その名を呼んだ瞬間、彼の意識が、まるで返事をするように響いた。

『怖くない。君がいるから』

アヤは目を見開いた。彼の声が、直接心に届いた。距離も通信も超えて、ふたりの意識が繋がっていた。

〈RX-Λ〉が発進する。宇宙の闇を切り裂く白い軌道。敵は、反連邦勢力の小型艦隊。数は少ないが、機動力に優れたゲリラ型MSが多数。
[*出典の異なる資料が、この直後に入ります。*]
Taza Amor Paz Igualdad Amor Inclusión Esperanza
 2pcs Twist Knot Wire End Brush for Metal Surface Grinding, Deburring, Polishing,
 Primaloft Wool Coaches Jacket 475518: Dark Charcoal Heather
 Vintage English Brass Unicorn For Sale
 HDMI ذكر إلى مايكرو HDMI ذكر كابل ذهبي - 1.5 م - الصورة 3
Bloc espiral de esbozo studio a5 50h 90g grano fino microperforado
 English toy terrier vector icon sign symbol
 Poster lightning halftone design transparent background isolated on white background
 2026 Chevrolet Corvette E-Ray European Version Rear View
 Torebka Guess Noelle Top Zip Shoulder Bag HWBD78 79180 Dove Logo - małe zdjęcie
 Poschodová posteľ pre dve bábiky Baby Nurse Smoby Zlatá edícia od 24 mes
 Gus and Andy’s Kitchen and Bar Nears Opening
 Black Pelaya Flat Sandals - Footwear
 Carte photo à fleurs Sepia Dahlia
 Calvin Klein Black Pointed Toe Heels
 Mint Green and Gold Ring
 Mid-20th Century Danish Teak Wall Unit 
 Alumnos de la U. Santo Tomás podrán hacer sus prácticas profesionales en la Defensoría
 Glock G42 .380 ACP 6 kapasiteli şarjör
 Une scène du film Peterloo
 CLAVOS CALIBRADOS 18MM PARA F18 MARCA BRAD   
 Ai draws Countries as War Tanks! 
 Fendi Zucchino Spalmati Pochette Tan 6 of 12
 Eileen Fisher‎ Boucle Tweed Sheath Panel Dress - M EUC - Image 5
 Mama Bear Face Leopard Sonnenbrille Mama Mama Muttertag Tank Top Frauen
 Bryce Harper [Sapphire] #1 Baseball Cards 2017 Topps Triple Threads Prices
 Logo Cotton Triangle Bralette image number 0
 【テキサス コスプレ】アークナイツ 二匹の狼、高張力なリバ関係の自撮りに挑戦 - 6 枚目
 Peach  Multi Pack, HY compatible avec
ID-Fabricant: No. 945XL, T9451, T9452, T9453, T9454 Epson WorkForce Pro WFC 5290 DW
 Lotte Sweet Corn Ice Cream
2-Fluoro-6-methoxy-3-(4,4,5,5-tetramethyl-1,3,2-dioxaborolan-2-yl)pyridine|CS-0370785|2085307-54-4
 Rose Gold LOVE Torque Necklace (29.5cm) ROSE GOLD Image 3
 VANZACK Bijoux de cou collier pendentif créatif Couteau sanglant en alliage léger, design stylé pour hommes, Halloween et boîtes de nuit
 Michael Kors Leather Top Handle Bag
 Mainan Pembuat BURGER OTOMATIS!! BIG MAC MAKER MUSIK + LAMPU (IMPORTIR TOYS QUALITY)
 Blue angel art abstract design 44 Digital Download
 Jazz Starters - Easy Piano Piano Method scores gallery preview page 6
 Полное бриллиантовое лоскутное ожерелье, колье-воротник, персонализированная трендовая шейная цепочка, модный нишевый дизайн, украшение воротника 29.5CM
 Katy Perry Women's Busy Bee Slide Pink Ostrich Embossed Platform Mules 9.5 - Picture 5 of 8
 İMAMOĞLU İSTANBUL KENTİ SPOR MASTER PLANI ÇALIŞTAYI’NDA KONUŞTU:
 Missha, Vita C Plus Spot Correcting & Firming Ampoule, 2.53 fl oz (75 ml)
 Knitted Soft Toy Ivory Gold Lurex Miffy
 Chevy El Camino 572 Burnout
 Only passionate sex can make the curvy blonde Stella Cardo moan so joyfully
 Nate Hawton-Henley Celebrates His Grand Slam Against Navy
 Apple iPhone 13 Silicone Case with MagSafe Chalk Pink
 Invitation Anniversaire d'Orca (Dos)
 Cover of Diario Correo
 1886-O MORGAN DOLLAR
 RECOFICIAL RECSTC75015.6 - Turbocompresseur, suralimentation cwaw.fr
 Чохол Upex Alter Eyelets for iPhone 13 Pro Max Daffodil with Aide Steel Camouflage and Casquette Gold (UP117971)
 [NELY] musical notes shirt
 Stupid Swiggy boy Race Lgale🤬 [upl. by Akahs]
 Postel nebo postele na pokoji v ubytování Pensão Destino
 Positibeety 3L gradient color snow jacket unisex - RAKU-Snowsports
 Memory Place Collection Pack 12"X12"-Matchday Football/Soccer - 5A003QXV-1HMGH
レイは冷静に戦う。だが、敵の一機が彼の死角から急接近する。

その瞬間――

「右後方!来るよ!」

アヤの声が、彼の意識に響いた。レイは反射的に機体を旋回。ビームサーベルが敵機を切り裂く。

『……君が見えてるのか?』

『わからない。でも、感じるの。あなたの鼓動が』

戦闘は続く。だが、レイの動きは次第に変わっていく。まるで、ふたりで操縦しているかのような滑らかさ。〈RX-Λ〉の反応速度が、通常の限界を超えていた。

艦内では、整備班が騒然としていた。

「この反応……ニュータイプ同士の共鳴か?」

「いや、それ以上だ。機体が“歌って”いる……」

戦闘終了後、レイは無傷で帰還する。だが、彼の表情はいつもと違っていた。

静かに、優しく、微笑んでいた。

「君の声が、俺を導いてくれた。ありがとう、アヤ」

アヤは言葉を返せなかった。ただ、涙が頬を伝っていた。

それは、戦場で交わされた、最初の“愛の残響”だった。